The outlet 24 of the device 101 is equipped with a spray nozzle 26.

This nozzle 26 is carried inside the plug 23.

The outlet 24 is located on the vertical axis connecting the pocket to the reservoir.

In other words, the device 101 is arranged so that the fluid 7 exits vertically from the outlet 24.

Furthermore, the device 101 comprises at least one opening or hole or vent 133 connecting the interior volume of the reservoir 6:

• • either directly to the housing 13 and without passing through the pocket 2,
  • or outside the device 101 without passing through the housing 13 and without passing through the pocket 2.

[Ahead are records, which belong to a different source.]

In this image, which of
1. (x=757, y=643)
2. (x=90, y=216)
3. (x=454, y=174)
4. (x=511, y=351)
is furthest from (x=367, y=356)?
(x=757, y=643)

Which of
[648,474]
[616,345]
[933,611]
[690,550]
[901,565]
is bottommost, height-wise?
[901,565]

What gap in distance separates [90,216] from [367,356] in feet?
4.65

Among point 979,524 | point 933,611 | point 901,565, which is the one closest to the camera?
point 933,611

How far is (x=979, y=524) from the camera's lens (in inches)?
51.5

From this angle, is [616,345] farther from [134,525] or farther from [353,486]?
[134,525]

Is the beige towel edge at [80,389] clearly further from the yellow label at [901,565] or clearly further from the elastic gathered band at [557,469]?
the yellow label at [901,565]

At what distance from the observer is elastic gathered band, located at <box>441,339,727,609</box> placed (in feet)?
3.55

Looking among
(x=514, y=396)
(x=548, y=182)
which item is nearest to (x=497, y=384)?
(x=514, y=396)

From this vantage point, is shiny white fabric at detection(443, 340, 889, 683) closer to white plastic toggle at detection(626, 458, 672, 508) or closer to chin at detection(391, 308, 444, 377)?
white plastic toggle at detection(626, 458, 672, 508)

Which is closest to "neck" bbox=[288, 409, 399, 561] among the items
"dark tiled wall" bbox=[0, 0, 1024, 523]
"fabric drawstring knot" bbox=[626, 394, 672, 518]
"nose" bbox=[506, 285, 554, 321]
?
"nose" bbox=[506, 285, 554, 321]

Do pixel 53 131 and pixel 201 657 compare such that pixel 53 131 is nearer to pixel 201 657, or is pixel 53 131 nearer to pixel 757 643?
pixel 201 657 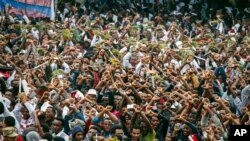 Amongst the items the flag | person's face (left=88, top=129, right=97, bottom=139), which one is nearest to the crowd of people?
person's face (left=88, top=129, right=97, bottom=139)

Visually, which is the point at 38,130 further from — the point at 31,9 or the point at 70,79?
the point at 31,9

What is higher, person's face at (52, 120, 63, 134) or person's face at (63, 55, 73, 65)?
person's face at (52, 120, 63, 134)

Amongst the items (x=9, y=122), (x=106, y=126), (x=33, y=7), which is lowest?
(x=106, y=126)

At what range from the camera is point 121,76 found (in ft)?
45.6

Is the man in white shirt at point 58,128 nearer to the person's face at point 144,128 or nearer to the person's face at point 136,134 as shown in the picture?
the person's face at point 136,134

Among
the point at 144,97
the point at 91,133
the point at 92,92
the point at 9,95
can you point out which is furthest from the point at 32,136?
the point at 144,97

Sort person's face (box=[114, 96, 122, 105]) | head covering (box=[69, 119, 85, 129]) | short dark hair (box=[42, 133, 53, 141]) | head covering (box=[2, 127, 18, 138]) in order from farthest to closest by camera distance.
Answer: person's face (box=[114, 96, 122, 105])
head covering (box=[69, 119, 85, 129])
short dark hair (box=[42, 133, 53, 141])
head covering (box=[2, 127, 18, 138])

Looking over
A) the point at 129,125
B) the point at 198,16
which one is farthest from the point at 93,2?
the point at 129,125

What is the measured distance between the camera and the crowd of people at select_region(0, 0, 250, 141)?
10336mm

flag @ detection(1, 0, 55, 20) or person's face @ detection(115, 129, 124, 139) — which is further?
flag @ detection(1, 0, 55, 20)

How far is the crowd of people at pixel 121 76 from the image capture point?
10336 mm

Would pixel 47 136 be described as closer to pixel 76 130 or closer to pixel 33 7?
pixel 76 130

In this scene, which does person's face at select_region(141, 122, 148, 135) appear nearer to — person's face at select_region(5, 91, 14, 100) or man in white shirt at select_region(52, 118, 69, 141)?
man in white shirt at select_region(52, 118, 69, 141)

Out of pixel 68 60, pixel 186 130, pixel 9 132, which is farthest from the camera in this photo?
pixel 68 60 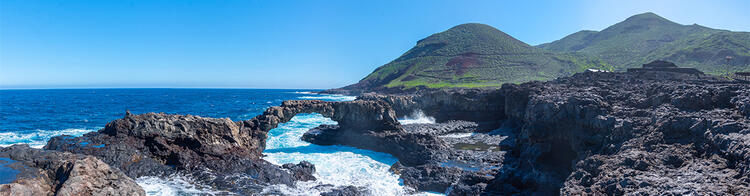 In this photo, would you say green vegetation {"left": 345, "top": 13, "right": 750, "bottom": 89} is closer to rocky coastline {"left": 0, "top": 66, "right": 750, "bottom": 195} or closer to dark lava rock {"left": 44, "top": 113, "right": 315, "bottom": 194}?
rocky coastline {"left": 0, "top": 66, "right": 750, "bottom": 195}

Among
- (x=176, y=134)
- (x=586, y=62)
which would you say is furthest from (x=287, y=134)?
(x=586, y=62)

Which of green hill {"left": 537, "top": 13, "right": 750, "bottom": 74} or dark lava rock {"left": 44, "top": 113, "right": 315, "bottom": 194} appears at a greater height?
green hill {"left": 537, "top": 13, "right": 750, "bottom": 74}

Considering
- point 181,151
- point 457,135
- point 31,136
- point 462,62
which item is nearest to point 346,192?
point 181,151

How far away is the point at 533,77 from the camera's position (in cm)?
9650

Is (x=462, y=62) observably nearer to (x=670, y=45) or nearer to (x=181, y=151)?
(x=670, y=45)

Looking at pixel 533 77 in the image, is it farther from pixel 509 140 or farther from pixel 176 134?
pixel 176 134

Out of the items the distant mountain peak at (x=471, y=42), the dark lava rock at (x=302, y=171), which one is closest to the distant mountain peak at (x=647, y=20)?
the distant mountain peak at (x=471, y=42)

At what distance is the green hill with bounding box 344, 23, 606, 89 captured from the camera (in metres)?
100

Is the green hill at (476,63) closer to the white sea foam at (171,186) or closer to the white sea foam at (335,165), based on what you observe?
the white sea foam at (335,165)

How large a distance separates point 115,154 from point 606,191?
2157cm

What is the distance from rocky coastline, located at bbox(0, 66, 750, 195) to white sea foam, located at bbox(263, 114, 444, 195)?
2.48 ft

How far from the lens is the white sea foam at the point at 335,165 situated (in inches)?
662

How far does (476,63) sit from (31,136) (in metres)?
112

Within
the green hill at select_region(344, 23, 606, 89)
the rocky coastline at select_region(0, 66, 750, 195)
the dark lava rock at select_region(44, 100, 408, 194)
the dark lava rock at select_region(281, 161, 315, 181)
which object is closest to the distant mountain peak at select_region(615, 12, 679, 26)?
the green hill at select_region(344, 23, 606, 89)
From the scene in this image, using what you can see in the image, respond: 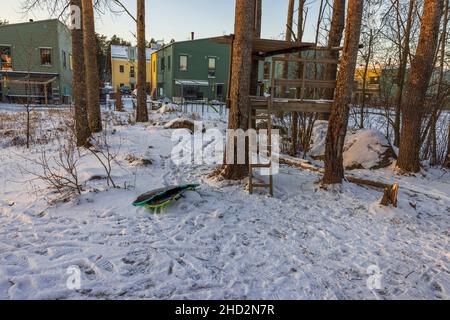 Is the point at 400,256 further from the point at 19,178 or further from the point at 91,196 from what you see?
the point at 19,178

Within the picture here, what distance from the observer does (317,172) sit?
785 cm

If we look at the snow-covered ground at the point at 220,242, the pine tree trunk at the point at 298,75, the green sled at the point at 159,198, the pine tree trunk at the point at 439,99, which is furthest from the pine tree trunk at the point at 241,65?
the pine tree trunk at the point at 439,99

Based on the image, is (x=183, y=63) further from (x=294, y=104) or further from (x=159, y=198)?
(x=159, y=198)

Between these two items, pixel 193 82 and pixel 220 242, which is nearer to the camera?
pixel 220 242

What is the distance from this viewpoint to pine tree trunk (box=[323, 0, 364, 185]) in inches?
233

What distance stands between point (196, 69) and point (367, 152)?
1012 inches

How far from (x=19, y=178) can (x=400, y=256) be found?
23.1 feet

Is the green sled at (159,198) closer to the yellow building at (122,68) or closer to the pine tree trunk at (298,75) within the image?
the pine tree trunk at (298,75)

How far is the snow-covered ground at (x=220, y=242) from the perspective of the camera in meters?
3.14

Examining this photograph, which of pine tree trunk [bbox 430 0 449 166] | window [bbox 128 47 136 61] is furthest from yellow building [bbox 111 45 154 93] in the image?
pine tree trunk [bbox 430 0 449 166]

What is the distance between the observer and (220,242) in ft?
13.5

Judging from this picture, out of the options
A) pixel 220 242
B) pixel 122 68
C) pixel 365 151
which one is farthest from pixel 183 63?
pixel 220 242

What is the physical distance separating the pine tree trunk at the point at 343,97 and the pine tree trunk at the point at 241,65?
5.98 ft

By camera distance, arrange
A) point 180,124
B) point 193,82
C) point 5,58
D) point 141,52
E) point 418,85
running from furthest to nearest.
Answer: point 193,82 < point 5,58 < point 141,52 < point 180,124 < point 418,85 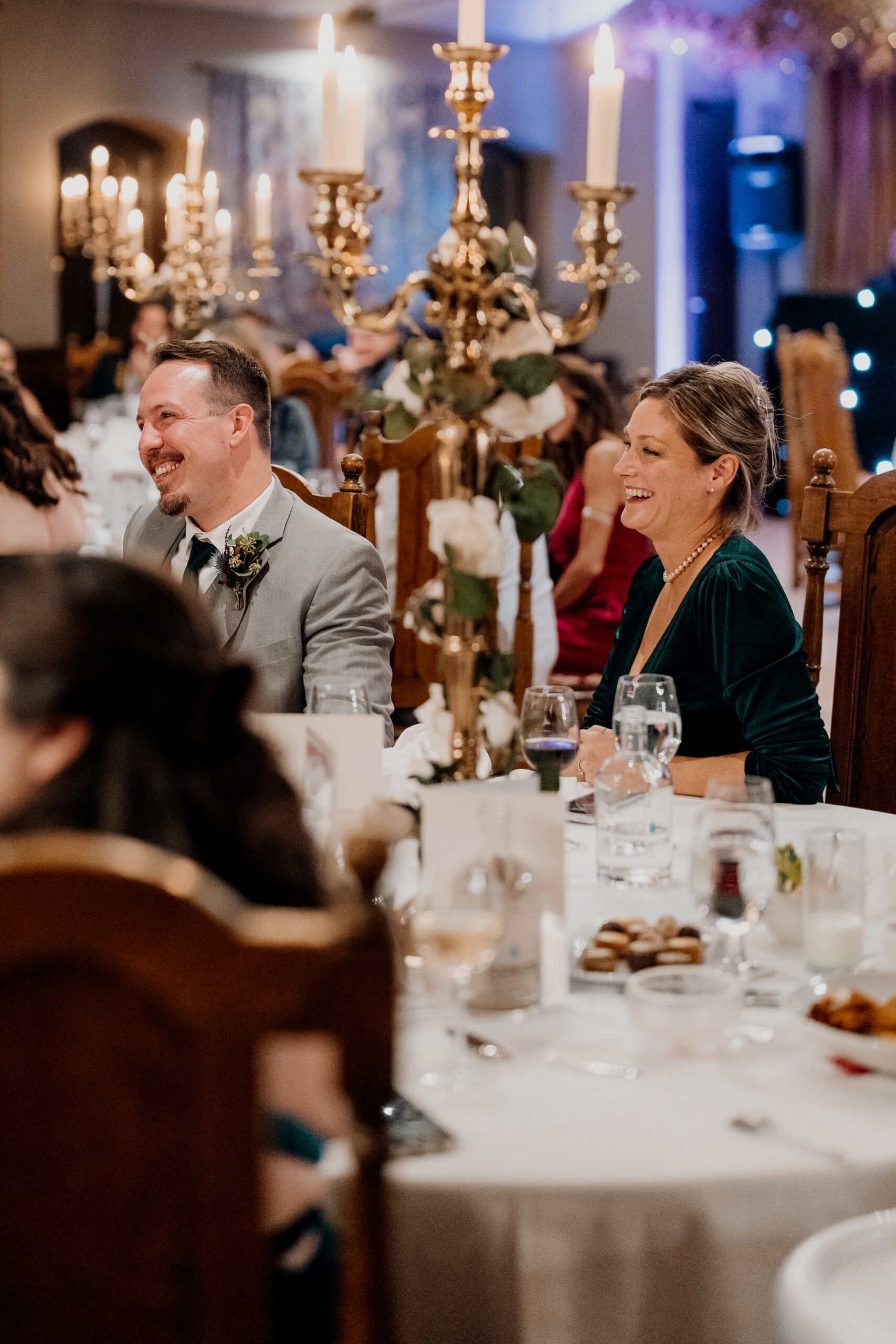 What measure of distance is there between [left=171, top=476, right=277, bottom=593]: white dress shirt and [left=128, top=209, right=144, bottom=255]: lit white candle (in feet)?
12.4

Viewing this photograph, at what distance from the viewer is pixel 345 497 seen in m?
3.04

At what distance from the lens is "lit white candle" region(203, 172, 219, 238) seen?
223 inches

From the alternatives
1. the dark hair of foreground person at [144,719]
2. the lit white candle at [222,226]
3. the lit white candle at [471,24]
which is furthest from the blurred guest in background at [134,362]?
the dark hair of foreground person at [144,719]

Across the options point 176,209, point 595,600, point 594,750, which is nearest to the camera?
point 594,750

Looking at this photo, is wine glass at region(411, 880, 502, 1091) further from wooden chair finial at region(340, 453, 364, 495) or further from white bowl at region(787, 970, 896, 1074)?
wooden chair finial at region(340, 453, 364, 495)

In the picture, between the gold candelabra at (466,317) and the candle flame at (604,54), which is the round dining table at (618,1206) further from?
the candle flame at (604,54)

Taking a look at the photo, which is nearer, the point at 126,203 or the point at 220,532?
the point at 220,532

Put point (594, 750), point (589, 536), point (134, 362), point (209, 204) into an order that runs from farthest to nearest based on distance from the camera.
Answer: point (134, 362) < point (209, 204) < point (589, 536) < point (594, 750)

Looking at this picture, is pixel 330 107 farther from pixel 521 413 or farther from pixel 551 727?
pixel 551 727

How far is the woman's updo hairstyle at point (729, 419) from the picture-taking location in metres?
2.50

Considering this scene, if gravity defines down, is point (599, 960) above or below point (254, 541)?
below

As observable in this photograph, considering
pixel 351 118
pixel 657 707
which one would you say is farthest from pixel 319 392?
pixel 351 118

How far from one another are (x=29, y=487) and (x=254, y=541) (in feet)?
4.74

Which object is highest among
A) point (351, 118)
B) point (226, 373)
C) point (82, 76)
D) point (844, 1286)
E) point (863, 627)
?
point (82, 76) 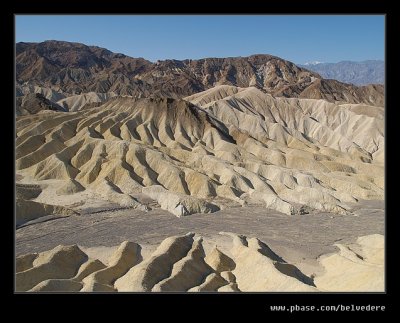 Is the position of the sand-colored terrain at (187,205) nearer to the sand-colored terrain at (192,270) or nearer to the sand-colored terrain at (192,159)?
the sand-colored terrain at (192,270)

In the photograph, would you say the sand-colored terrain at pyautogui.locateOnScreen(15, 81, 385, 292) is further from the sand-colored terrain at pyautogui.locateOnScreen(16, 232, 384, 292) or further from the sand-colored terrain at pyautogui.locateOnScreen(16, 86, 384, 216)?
the sand-colored terrain at pyautogui.locateOnScreen(16, 86, 384, 216)

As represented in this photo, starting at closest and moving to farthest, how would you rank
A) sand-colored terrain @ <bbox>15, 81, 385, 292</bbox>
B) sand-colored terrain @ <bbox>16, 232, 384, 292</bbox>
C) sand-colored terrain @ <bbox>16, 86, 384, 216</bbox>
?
sand-colored terrain @ <bbox>16, 232, 384, 292</bbox> → sand-colored terrain @ <bbox>15, 81, 385, 292</bbox> → sand-colored terrain @ <bbox>16, 86, 384, 216</bbox>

FIGS. 1 to 3 describe the particular case of at least one vent 133 (exactly one for the example of these figures) connecting the interior volume of the reservoir 6 either to the housing 13. In this case, the plug 23 comprises, for each vent 133, a vent shutter 233 arranged to close the vent 133 with which it is associated (i.e. not to allow air to pass through this vent 133) when the plug 23 is in the second insertion position of the plug 23 (preferably, each vent shutter 233 is arranged so as not to obstruct the vent 133 with which it is associated when the plug 23 is in the first insertion position of the plug 23).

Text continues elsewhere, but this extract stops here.